The FCC’s streamlining of foreign ownership procedures impacts the indirect, or parent level, ownership of broadcast station entities. Indirect foreign ownership in broadcast station licensee entities under the Communications Act is subject to a 25% benchmark limit above which FCC must issue a specific approval. The FCC adopted streamlined procedures for approvals of up to 100% foreign ownership in a controlling US parent corporation of a broadcast station licensee entity.
Until 2013, the FCC banned any foreign investment in US broadcast stations that were greater than 25%. Even with the relaxation of this 25% limit in 2013, however, there were no standardized FCC approval procedures for indirect ownership in excess of 25%.
Previously, the FCC adopted standardized procedures for non-broadcast FCC-regulated entities such as common carriers owning telephone companies. Now, as a result of this decision, there is also a standardized filing and review process for indirect foreign ownership of broadcast stations in excess of 25%. Additionally, once an entity’s foreign ownership in excess of 25% is approved, that entity will be able to acquire additional stations in any service (AM, FM, or TV), and in any geographic area, without further foreign ownership approvals.
Equally as significant is a change in FCC procedures on how foreign ownership is calculated for a publicly traded entity. Previously, the FCC required that surveys or random samples of stockholders be performed to ascertain citizenship.
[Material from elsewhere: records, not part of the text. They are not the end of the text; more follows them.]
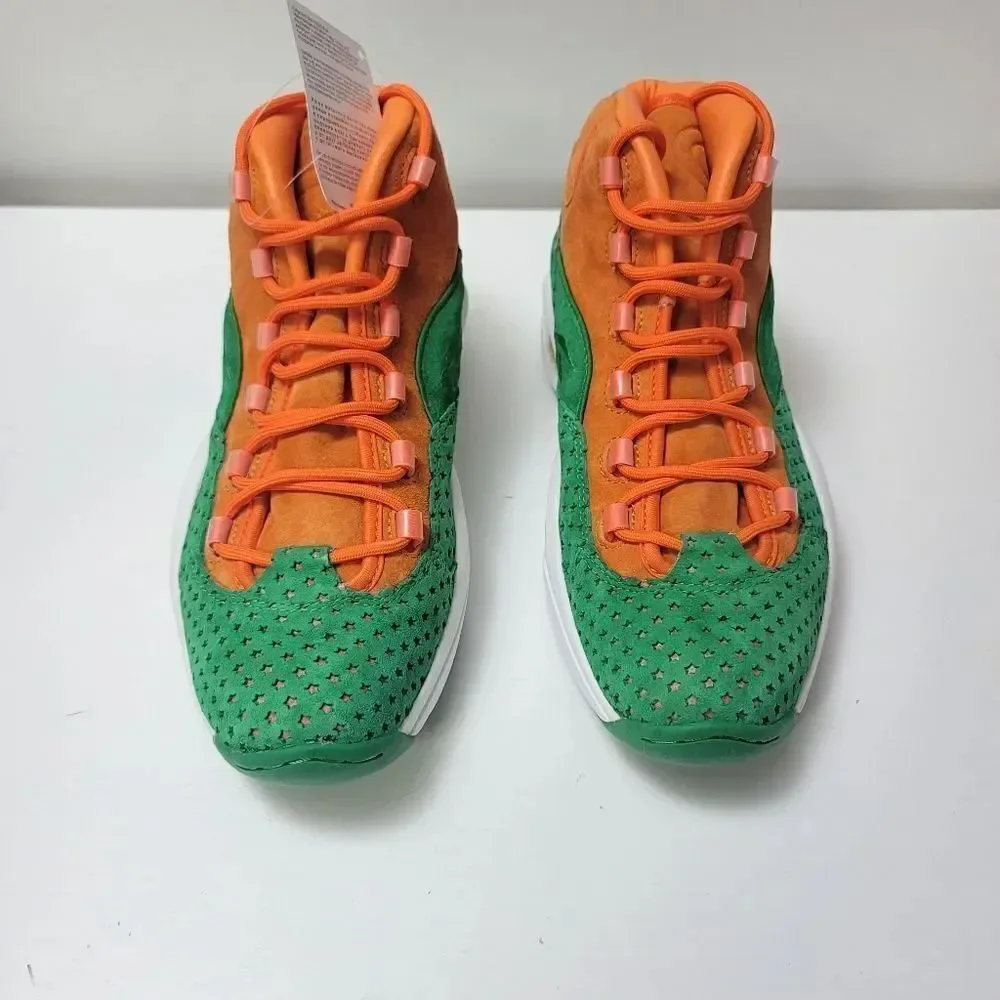 Reebok sneakersnstuff question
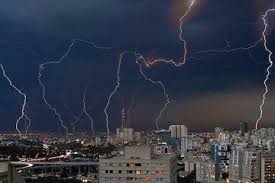 دمای هوای تهران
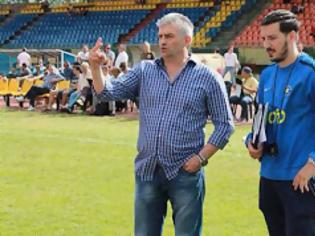 Φωτογραφία για Να καλυφθούν άμεσα τα κενά του Αστέρα θέλει ο Τσιώλης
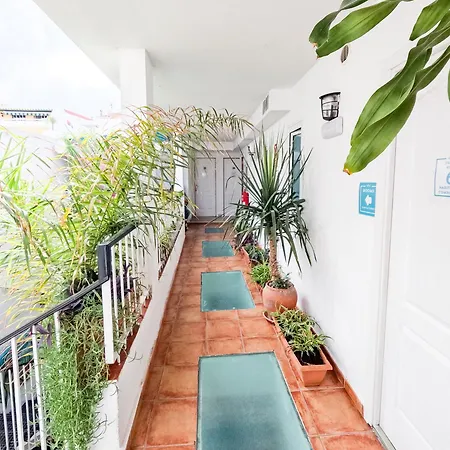 Hostel Puerto Nest Puerto de la Cruz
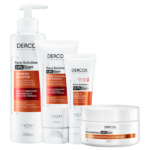 Kit Vichy Dercos Kera-Solutions Complete (4 Produtos)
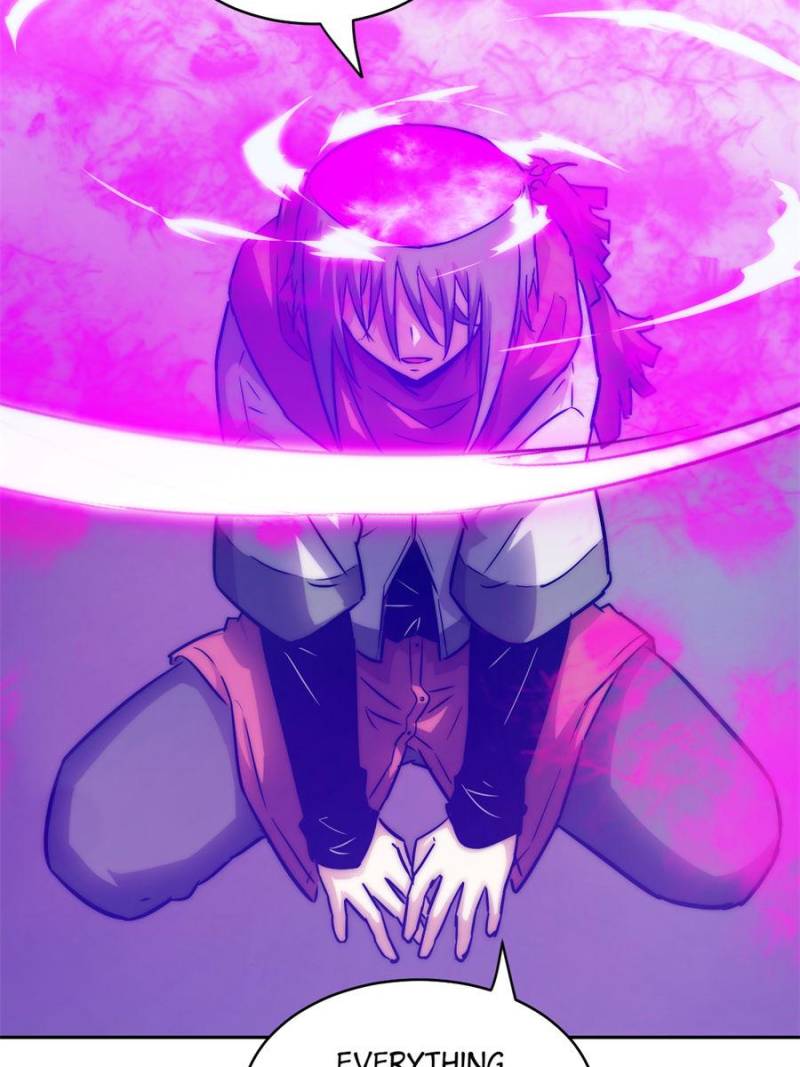 Left Handed Mutation Chapter 93 - Page 40
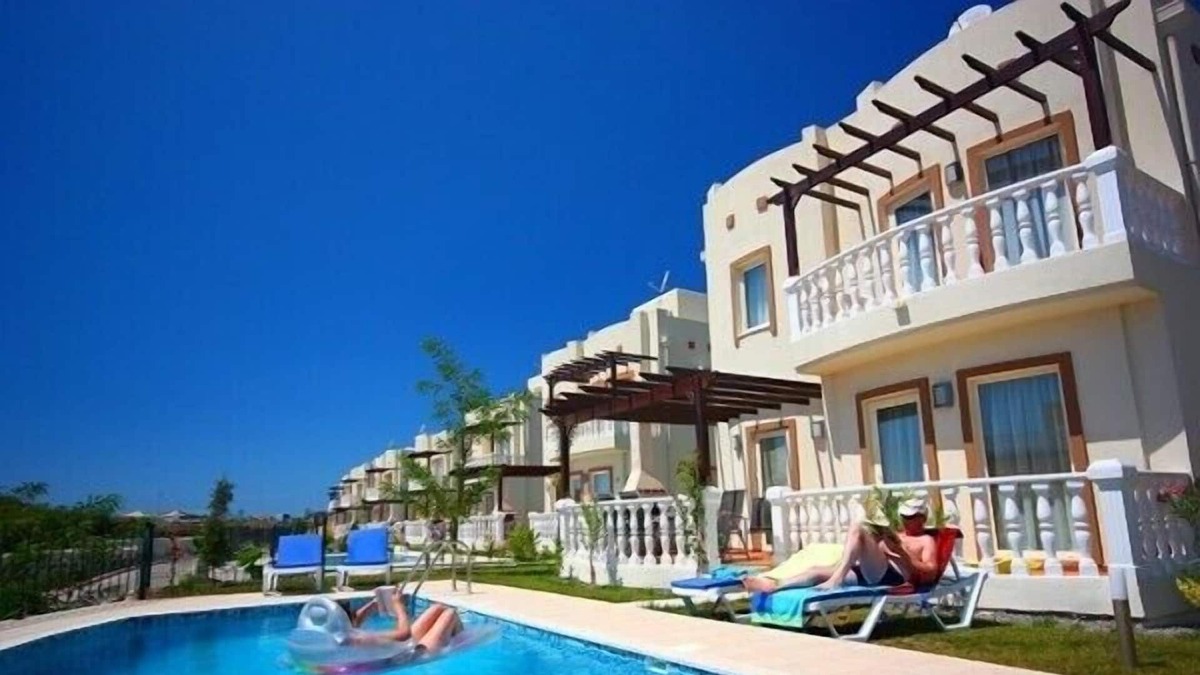 Milas Villa | 3 BEDROOM DETACHED WITH PRIVATE POOL VILLA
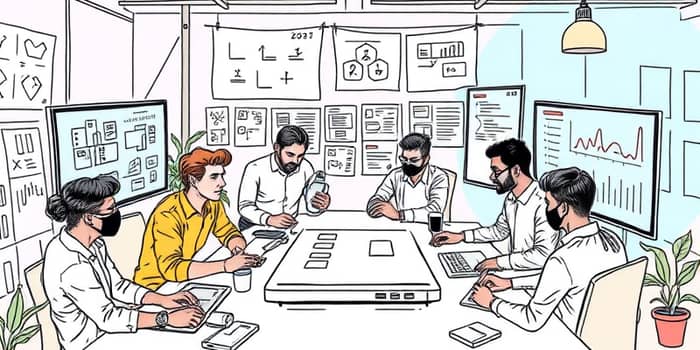 Adote o modelo lean startup para validar e escalar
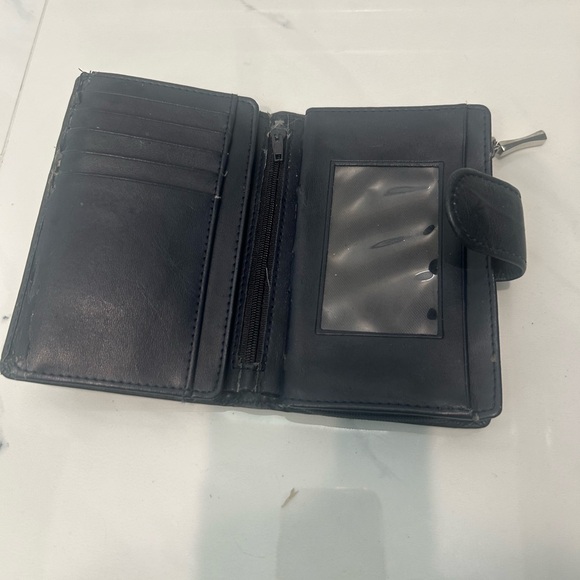 Bundle of 3 Wallets - Buxton, Talbots, used to new condition - Picture 12 of 14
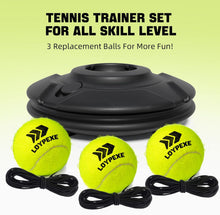 Load image into Gallery viewer, Tennis Trainer Rebound Ball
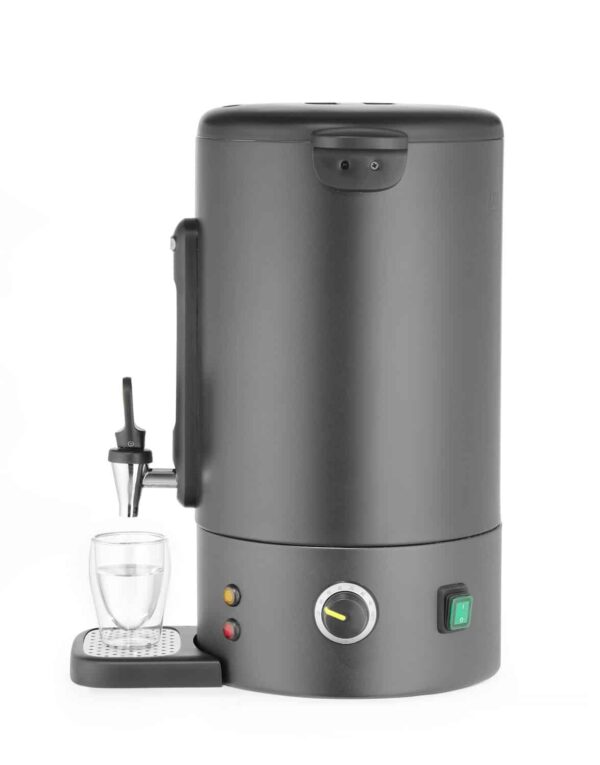 Karsto dzērienu aparāts, melns - Design by Bronwasser, 16L, 230V/1650W, 357x380x502mm, 211465, Hendi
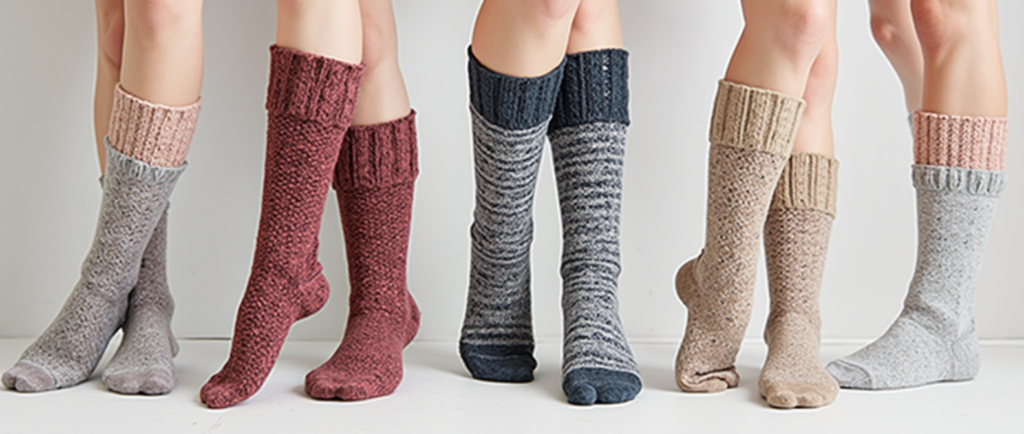 warm socks for women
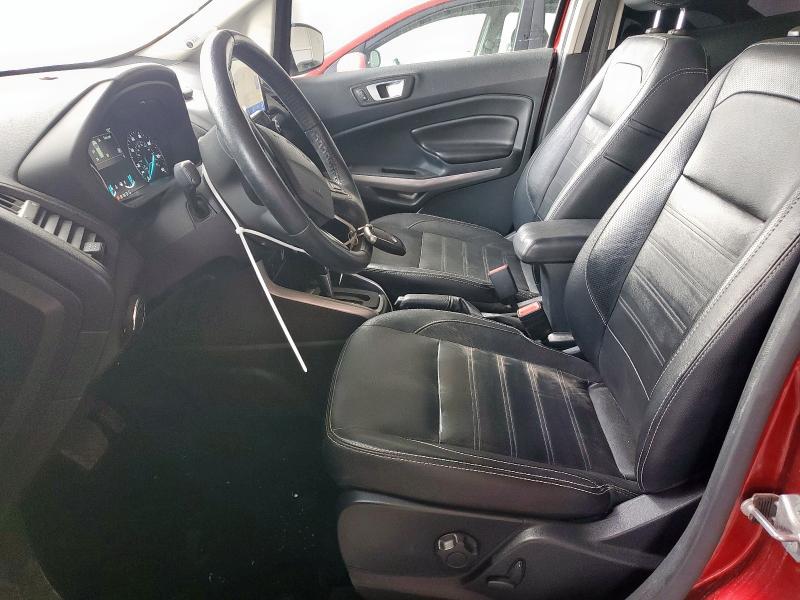 Photo 7 from auction – 2020 FORD ECOSPORT T with VIN MAJ6S3KL5LC376912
This survey or sample exercise was often meaningless since upwards of 85% of publicly traded shares are held by institutions or individuals on behalf of third-parties.
Now, the FCC will focus only on the citizenship of those stockholders with a greater than 5% interest in the publicly-traded entity. This greatly reduces the burden of assessing whether an entity falls within the FCC’s 20% direct foreign interest restriction and the more relaxed 25% indirect foreign ownership benchmark. Non-broadcaster publicly traded entities that, under the previous procedures could not easily prove their US citizen ownership, may now be encouraged to more actively consider broadcast station ownership.
The FCC’s streamlining of indirect foreign ownership in excess of 25% will have two effects on our radio industry. First, it brings broadcasters closer to the regulatory scheme of other industries in terms of restrictions on non-US citizen ownership. Just as our neighborhood grocery stores or movie theaters may now be owned by a foreign entity, indirect foreign ownership of radio stations may also become more prevalent. More radio station investors often results in bumps in station values.
Second, because other nations often reciprocate in regulatory spheres, US broadcasters may find future foreign nation radio station ownership opportunities. US broadcasting is the envy of the world. There are likely many nations to which US broadcasting excellence is both transferable and welcome. The reciprocal opening of foreign opportunities to US broadcasters may be one of the ancillary benefits of today’s FCC streamlining of foreign ownership rules and procedures.